(Exercise goal)
Look in the data below for the line that contains "Fashion Halloween Party". Copy that line and the remaining lines exactly.

Caption-style text data
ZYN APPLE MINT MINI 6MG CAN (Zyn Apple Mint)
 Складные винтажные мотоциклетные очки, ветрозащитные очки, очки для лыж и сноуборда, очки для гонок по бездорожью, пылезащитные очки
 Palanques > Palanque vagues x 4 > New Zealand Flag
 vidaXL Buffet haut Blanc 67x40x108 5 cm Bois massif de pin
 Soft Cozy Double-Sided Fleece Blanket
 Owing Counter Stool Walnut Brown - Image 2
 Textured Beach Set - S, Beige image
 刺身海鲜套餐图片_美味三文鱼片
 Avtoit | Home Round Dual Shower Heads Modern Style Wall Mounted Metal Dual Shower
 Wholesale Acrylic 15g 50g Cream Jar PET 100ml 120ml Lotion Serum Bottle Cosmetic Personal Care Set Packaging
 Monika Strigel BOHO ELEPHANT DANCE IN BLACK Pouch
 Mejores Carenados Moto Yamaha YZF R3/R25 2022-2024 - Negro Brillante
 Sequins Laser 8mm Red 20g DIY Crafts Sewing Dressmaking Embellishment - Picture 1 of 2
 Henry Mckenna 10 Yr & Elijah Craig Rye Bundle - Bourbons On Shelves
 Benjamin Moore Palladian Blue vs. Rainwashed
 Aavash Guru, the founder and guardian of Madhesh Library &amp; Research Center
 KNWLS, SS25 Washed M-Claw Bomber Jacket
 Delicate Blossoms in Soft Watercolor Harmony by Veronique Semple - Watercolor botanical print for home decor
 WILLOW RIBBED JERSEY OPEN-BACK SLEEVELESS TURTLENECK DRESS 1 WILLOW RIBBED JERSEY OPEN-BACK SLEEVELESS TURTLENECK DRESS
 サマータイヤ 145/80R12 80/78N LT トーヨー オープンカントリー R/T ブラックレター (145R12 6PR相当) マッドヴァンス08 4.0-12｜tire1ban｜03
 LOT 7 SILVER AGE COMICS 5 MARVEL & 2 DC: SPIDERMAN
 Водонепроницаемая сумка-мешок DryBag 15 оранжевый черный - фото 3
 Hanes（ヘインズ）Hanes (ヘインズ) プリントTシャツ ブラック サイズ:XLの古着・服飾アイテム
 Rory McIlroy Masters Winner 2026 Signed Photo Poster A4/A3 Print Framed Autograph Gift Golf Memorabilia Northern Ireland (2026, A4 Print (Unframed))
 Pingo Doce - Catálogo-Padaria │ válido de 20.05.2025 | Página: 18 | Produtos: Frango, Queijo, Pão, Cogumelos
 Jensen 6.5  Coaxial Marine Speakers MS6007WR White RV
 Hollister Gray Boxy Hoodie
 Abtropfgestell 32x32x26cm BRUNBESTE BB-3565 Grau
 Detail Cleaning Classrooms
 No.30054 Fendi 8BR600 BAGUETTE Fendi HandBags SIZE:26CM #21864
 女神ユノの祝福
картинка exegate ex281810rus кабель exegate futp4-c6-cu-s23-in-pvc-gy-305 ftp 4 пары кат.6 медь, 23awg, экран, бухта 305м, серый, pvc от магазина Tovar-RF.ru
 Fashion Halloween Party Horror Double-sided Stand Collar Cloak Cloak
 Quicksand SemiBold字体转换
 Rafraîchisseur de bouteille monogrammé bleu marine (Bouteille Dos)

(Written answer)
 Fashion Halloween Party Horror Double-sided Stand Collar Cloak Cloak
 Quicksand SemiBold字体转换
 Rafraîchisseur de bouteille monogrammé bleu marine (Bouteille Dos)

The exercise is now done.